1. Biochemistry, University of Otago
2. Microbiology and Immunology, University of Otago
3. Bioprotection CORE, Lincoln University.
The untranslated regions of mRNAs commonly contain RNA elements that determine where, when or how effectively the mRNA is translated. This allows cells to respond rapidly to their environment and when they are mutated may result in disease. Some of these elements are well characterised- these may be structured (e.g. the Iron Responsive Element) or unstructured (e.g. the AU Rich element).
However, the high level of conservation in mRNAs' UTRs and discovery of mutations that cause disease in UTRs suggest there are many more undiscovered elements. We have been developing computational models to describe (1,2) and discover (3) these elements and search for them in mRNA sequences. There are a surprising number of potential new elements in the human genome.

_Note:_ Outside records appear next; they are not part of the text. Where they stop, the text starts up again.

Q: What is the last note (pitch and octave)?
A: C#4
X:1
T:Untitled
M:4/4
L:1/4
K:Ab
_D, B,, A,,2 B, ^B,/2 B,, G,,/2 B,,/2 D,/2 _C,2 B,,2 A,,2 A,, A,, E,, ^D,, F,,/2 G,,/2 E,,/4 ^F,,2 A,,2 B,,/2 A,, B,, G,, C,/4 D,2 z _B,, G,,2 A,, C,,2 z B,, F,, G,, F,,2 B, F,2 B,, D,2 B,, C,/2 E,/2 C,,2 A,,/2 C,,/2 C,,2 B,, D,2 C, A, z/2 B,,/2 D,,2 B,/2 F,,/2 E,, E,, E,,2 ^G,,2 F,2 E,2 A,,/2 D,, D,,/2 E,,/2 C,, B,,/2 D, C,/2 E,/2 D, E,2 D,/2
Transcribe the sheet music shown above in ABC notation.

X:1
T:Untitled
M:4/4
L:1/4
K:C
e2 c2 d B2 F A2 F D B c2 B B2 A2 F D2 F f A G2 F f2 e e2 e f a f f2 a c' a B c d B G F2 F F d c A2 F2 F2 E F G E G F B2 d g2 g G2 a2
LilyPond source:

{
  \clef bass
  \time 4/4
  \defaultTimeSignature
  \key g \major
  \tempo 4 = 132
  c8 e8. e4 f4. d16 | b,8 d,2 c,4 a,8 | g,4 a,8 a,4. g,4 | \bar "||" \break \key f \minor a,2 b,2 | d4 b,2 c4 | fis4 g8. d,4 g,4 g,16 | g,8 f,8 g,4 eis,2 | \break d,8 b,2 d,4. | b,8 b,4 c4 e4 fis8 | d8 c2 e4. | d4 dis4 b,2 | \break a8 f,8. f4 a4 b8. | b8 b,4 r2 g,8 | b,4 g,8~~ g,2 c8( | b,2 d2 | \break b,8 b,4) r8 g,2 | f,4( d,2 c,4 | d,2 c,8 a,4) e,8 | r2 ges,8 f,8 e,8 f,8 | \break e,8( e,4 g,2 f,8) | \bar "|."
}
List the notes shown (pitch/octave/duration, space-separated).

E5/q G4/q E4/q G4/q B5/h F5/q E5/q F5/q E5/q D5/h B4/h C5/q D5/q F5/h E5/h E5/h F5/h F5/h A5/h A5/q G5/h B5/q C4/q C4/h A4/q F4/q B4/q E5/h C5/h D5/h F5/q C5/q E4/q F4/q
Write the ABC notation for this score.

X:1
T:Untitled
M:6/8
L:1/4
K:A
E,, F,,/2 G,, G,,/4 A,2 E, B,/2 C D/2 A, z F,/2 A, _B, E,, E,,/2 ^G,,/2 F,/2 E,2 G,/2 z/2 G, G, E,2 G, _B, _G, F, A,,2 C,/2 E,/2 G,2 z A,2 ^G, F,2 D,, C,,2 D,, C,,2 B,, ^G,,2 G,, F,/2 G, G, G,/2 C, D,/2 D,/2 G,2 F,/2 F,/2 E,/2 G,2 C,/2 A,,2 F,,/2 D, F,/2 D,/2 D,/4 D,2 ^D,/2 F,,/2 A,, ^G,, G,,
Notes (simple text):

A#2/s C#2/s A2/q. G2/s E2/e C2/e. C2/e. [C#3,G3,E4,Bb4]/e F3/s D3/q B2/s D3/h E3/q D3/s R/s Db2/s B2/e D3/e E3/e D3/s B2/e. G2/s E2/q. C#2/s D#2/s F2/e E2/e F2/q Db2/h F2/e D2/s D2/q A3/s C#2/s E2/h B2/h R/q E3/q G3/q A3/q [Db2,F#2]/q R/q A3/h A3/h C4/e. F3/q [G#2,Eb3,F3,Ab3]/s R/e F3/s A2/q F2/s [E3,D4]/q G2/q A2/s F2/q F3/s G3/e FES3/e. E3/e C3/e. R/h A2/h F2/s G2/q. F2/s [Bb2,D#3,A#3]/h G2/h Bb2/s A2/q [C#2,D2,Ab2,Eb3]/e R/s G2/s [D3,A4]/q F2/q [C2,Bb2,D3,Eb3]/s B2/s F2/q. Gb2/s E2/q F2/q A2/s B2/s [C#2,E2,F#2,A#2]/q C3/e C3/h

Non-coding RNAs (ncRNAs) are been growing in variety and importance. Indeed one of the most striking observations from the recently completed ENCODE project was that there are almost as many ncRNAs as protein coding mRNAs in the human genome. However, in many genome and transcriptome studies they are ignored.
We have been using a variety of techniques to discover ncRNAs in different species, using published genomes and RNA-Seq. I will outline examples from our recently published and unpublished studies, focusing on the bioinformatic discovery of ncRNAs in diverse species- bacteria (4), fungi and the NZ sea urchin kina (5).
1. Jacobs et al (2009) Nucl Acids Res 37:D72,
2. Stevens et al (2011) RNA Biol 8:792,
3. Chen and Brown (2012) Nucl Acids Res 40:8862, 4. Biswas et al (2013) RNA Biol 10:817, 5. Gillard et al (2014) BMC Genomics 15:45.